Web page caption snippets
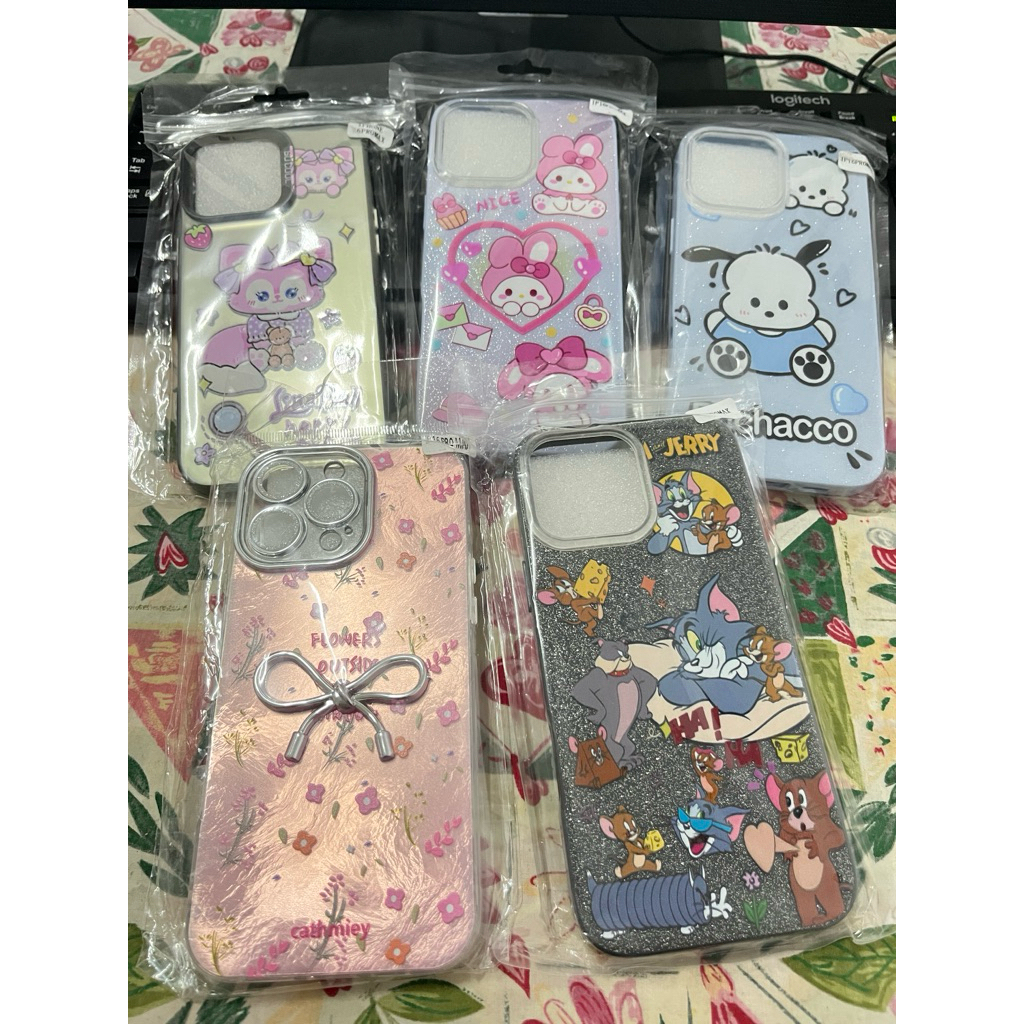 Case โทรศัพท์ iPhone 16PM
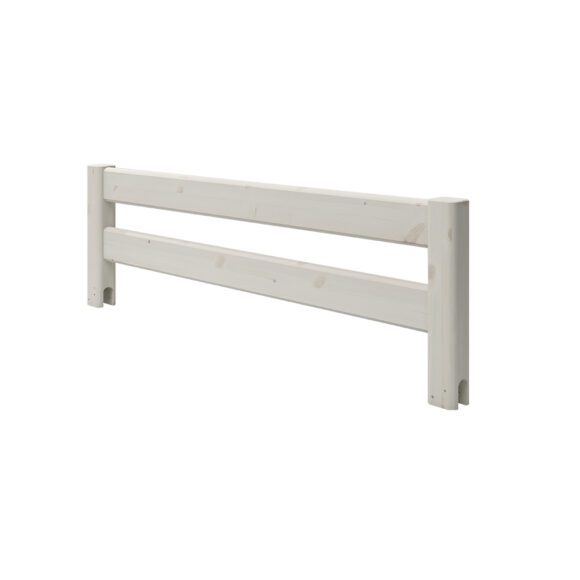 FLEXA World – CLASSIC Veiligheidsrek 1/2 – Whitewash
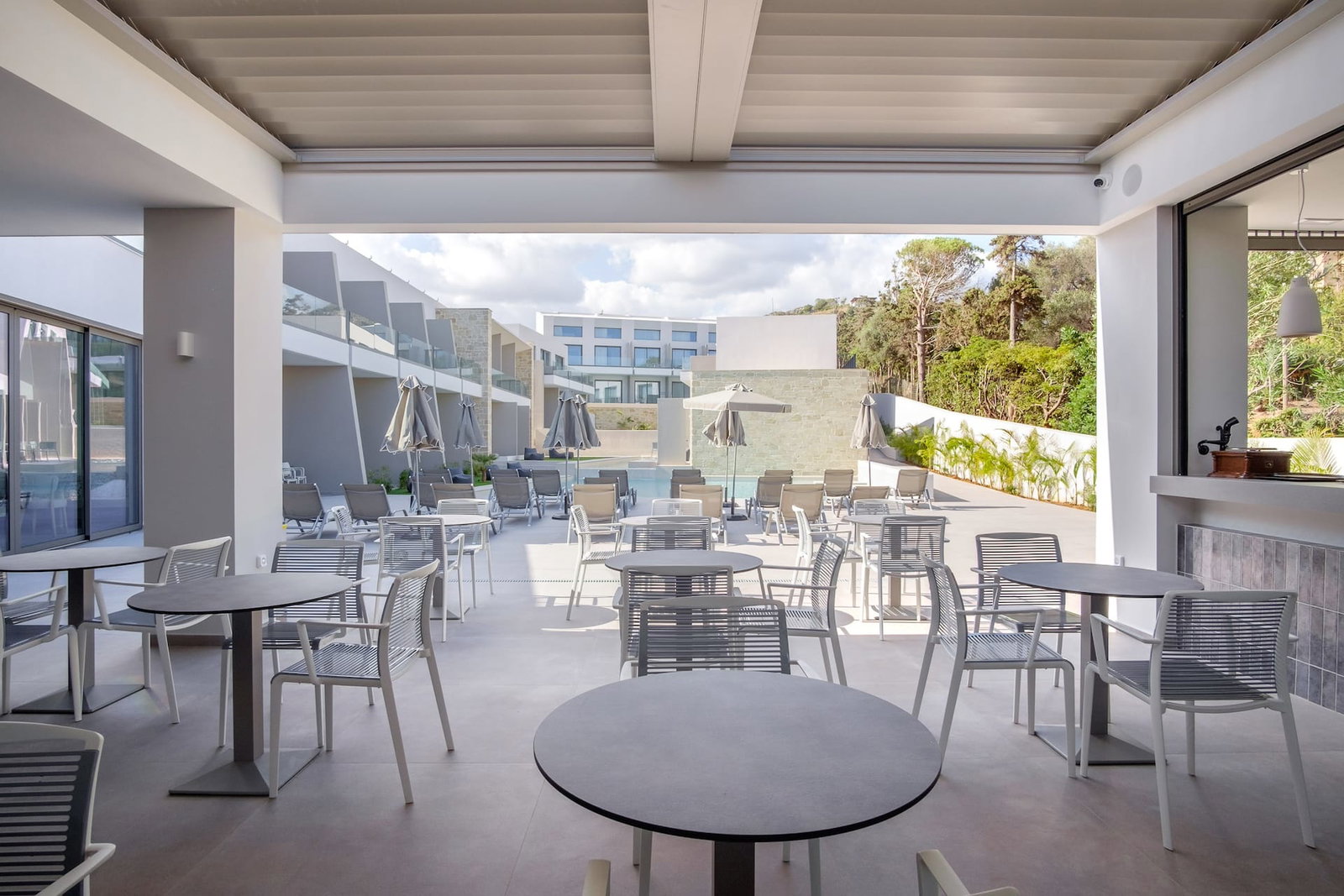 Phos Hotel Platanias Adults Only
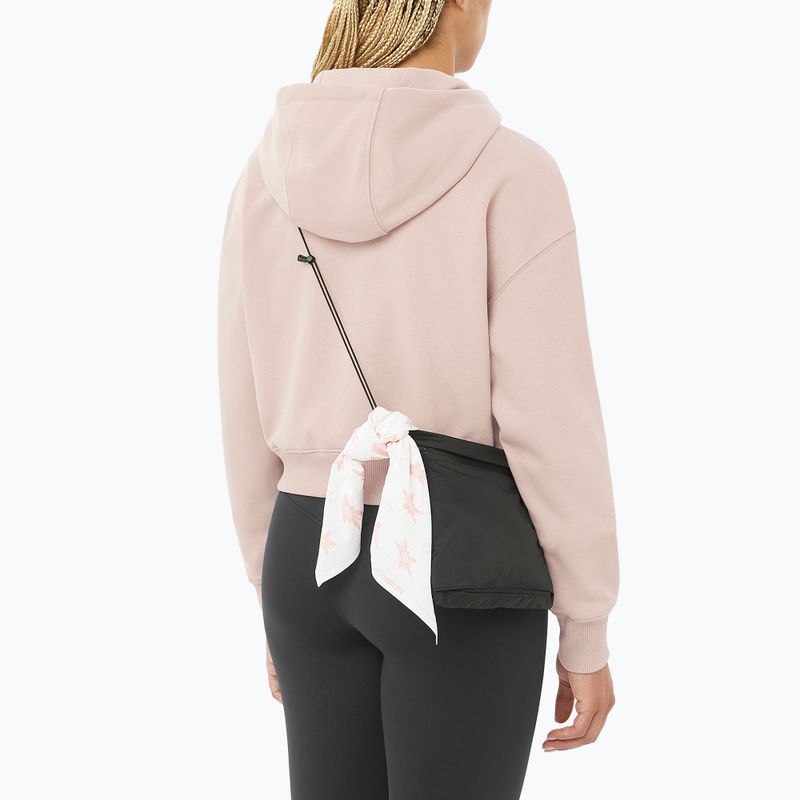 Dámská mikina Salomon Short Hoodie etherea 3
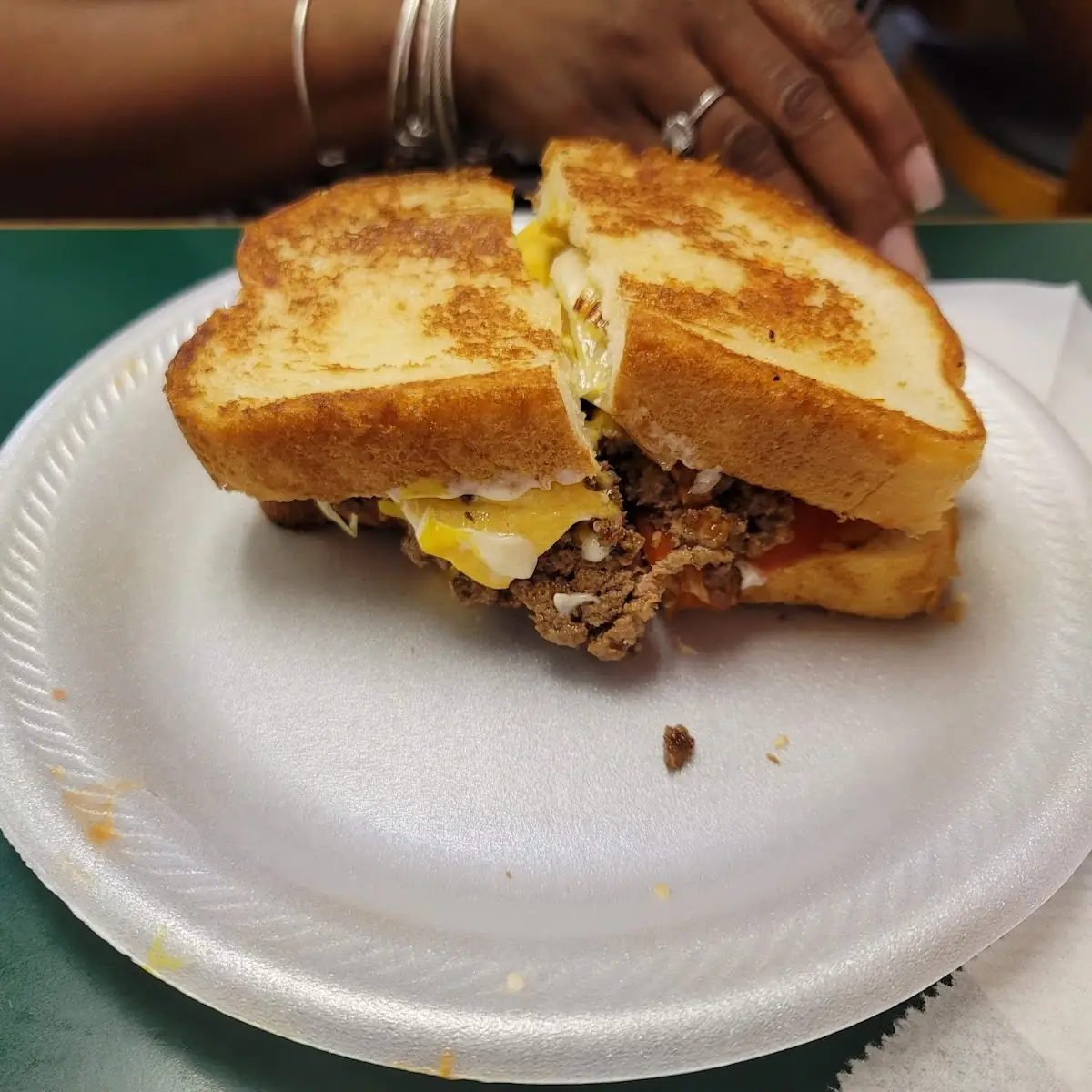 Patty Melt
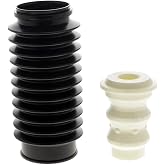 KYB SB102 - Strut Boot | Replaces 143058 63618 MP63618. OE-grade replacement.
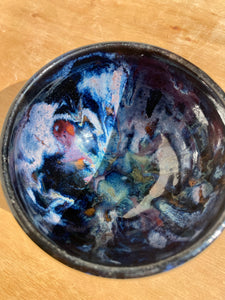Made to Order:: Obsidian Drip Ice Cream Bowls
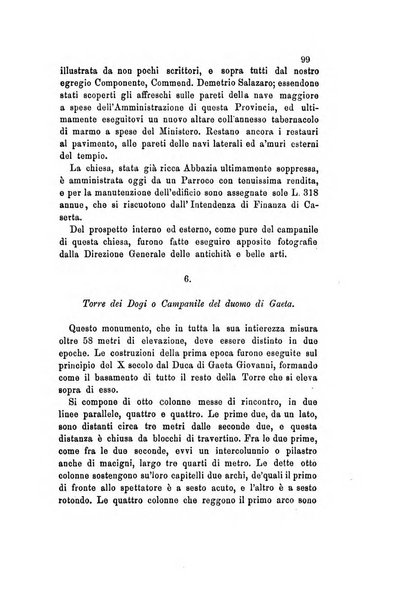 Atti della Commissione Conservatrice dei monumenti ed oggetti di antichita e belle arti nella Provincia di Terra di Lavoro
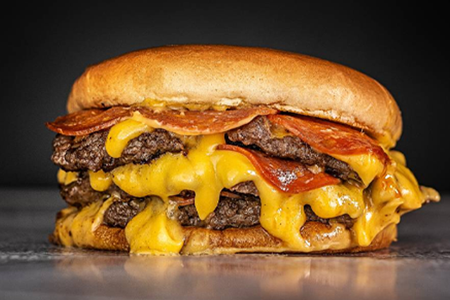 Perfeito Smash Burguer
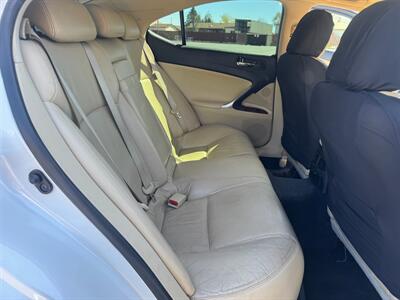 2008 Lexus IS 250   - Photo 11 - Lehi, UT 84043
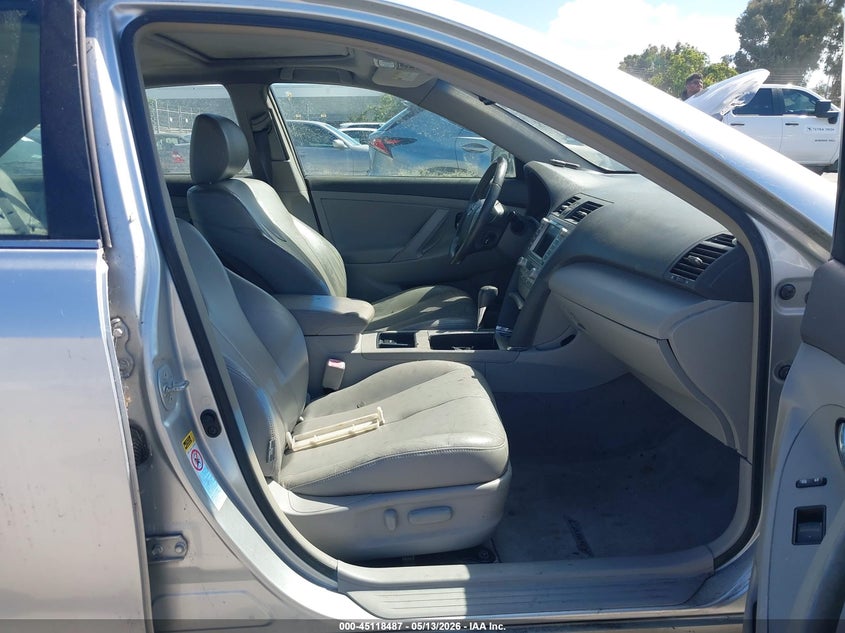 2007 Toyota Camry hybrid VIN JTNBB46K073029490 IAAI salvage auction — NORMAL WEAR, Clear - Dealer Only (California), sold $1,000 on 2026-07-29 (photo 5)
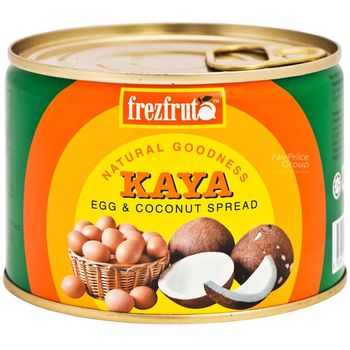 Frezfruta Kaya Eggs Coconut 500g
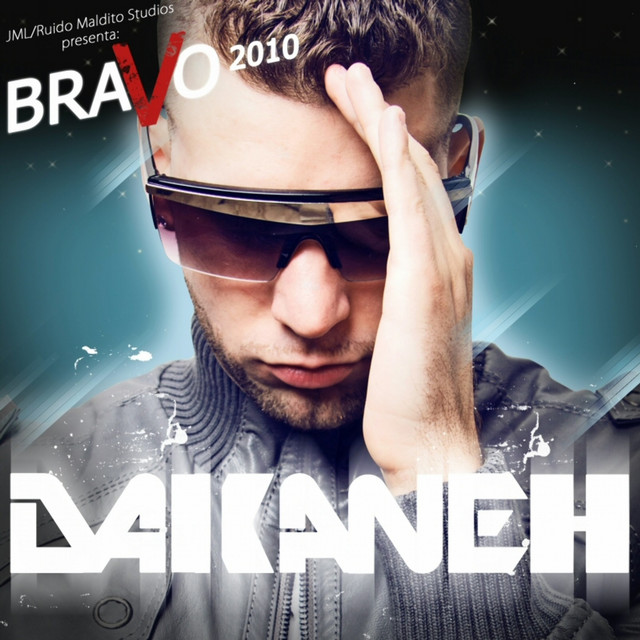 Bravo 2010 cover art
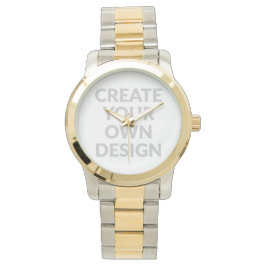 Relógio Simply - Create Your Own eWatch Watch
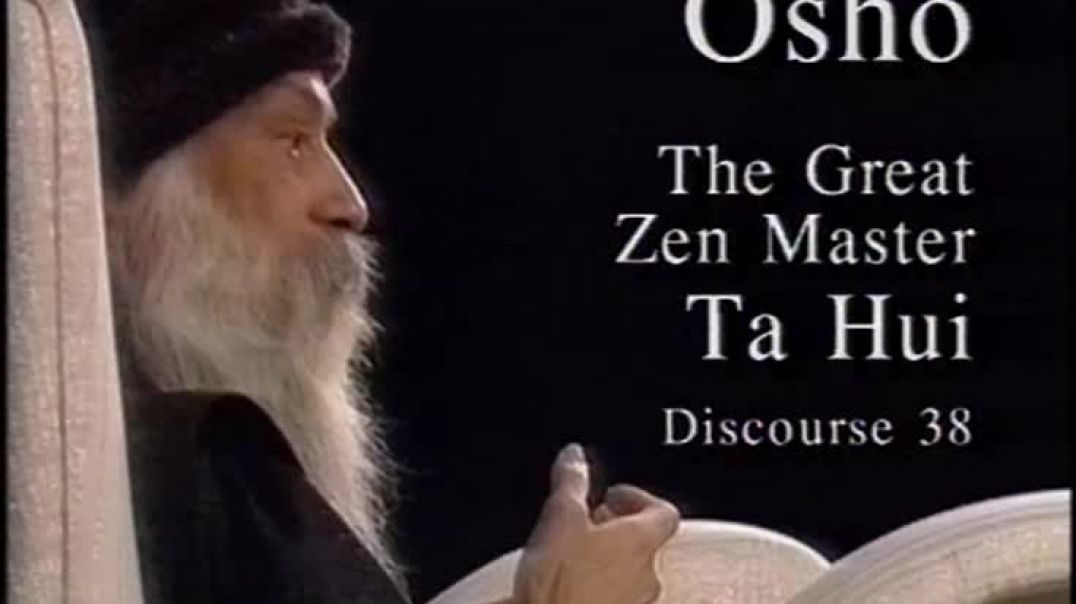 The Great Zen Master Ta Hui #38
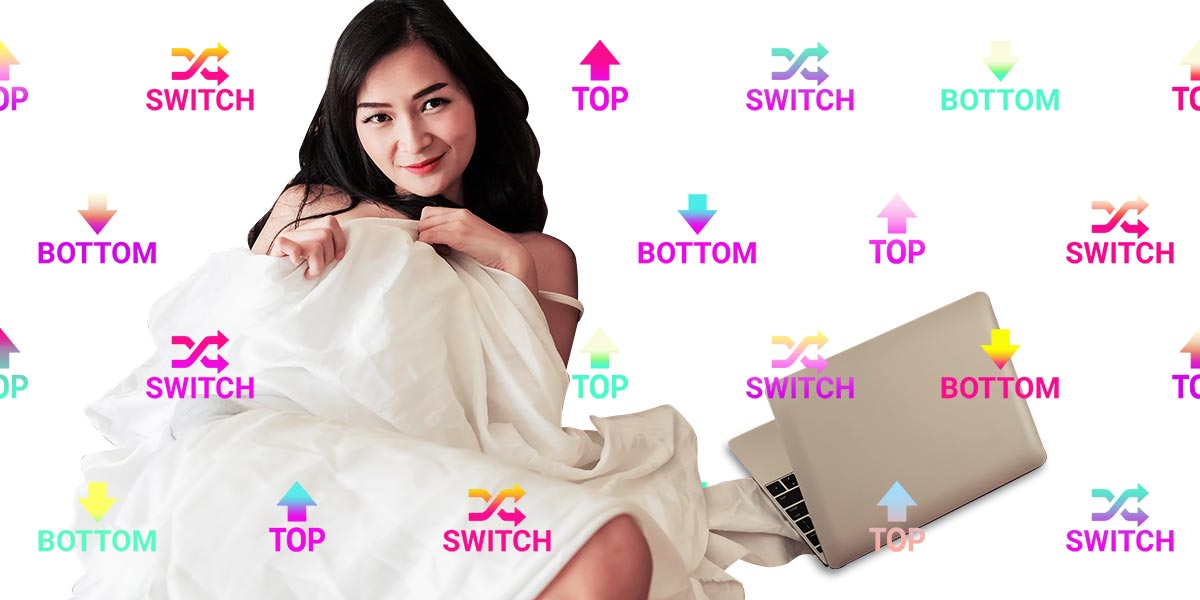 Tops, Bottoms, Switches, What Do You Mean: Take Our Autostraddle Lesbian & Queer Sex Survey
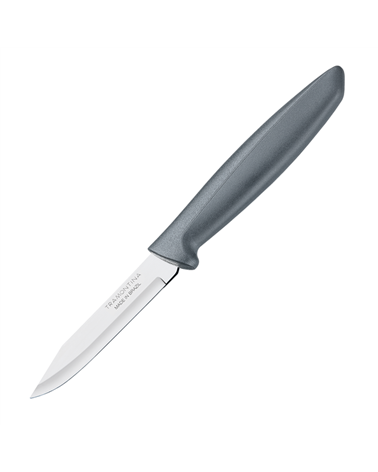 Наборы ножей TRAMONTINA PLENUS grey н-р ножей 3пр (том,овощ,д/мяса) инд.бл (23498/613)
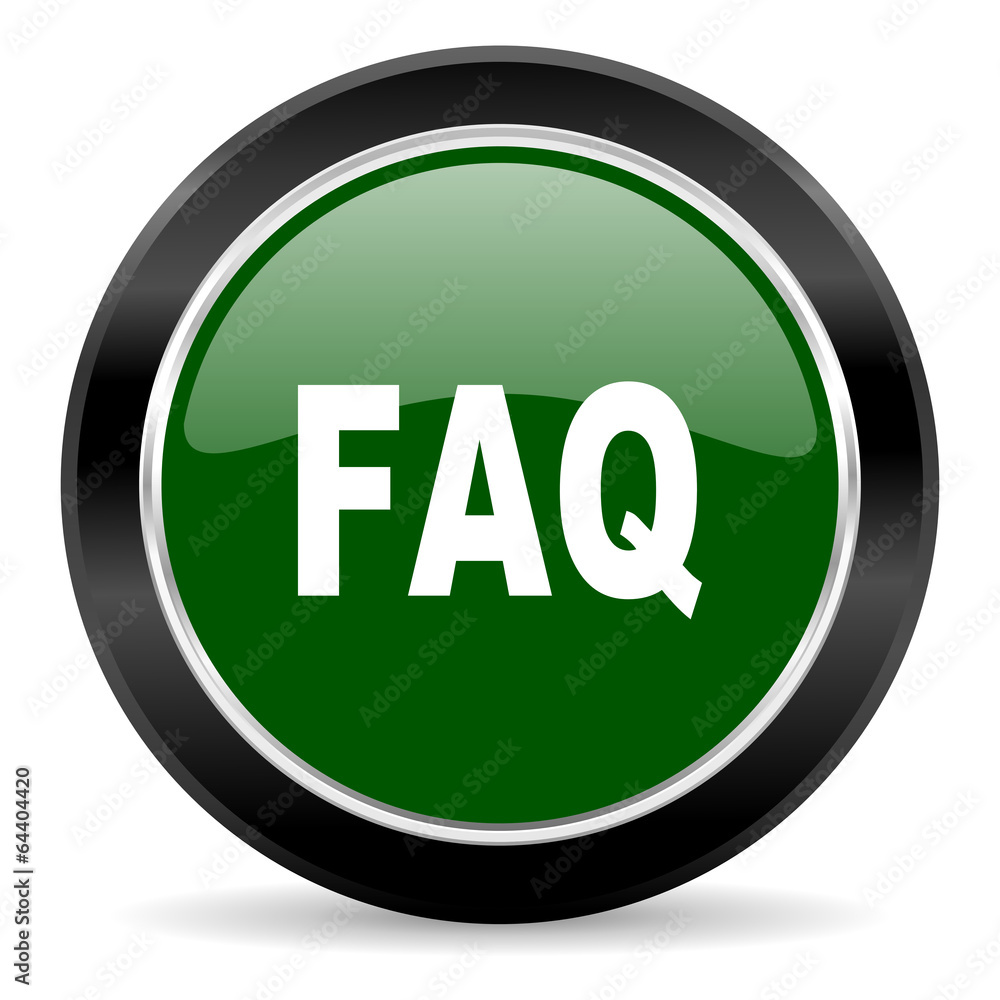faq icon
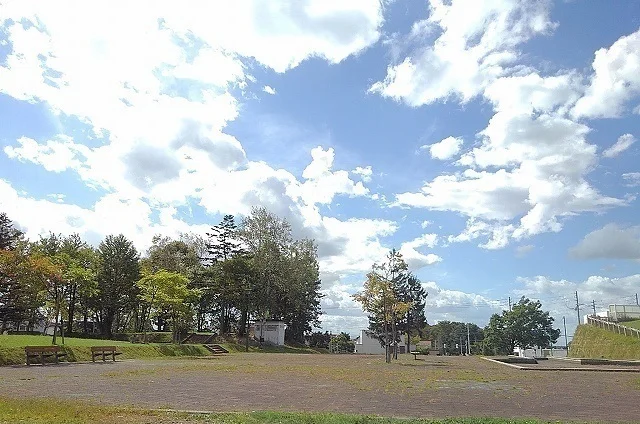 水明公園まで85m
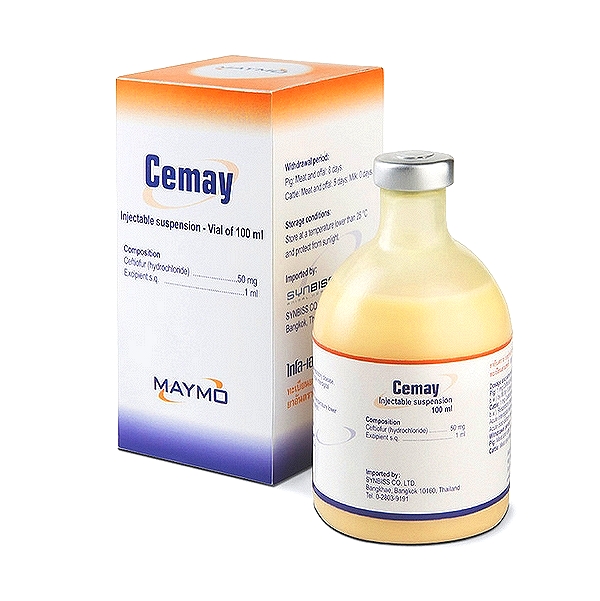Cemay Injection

■ Task requirements ■
Every line from the one containing "Phos Hotel Platanias Adults Only" to the final line of the records must be transcribed exactly, both ends included, with the pictures left out.

■ Result below ■
 Phos Hotel Platanias Adults Only
 Dámská mikina Salomon Short Hoodie etherea 3
 Patty Melt
 KYB SB102 - Strut Boot | Replaces 143058 63618 MP63618. OE-grade replacement.
Made to Order:: Obsidian Drip Ice Cream Bowls
 Atti della Commissione Conservatrice dei monumenti ed oggetti di antichita e belle arti nella Provincia di Terra di Lavoro
 Perfeito Smash Burguer
 2008 Lexus IS 250   - Photo 11 - Lehi, UT 84043
 2007 Toyota Camry hybrid VIN JTNBB46K073029490 IAAI salvage auction — NORMAL WEAR, Clear - Dealer Only (California), sold $1,000 on 2026-07-29 (photo 5)
 Frezfruta Kaya Eggs Coconut 500g
 Bravo 2010 cover art
 Relógio Simply - Create Your Own eWatch Watch
 The Great Zen Master Ta Hui #38
 Tops, Bottoms, Switches, What Do You Mean: Take Our Autostraddle Lesbian & Queer Sex Survey
 Наборы ножей TRAMONTINA PLENUS grey н-р ножей 3пр (том,овощ,д/мяса) инд.бл (23498/613)
faq icon
 水明公園まで85m
Cemay Injection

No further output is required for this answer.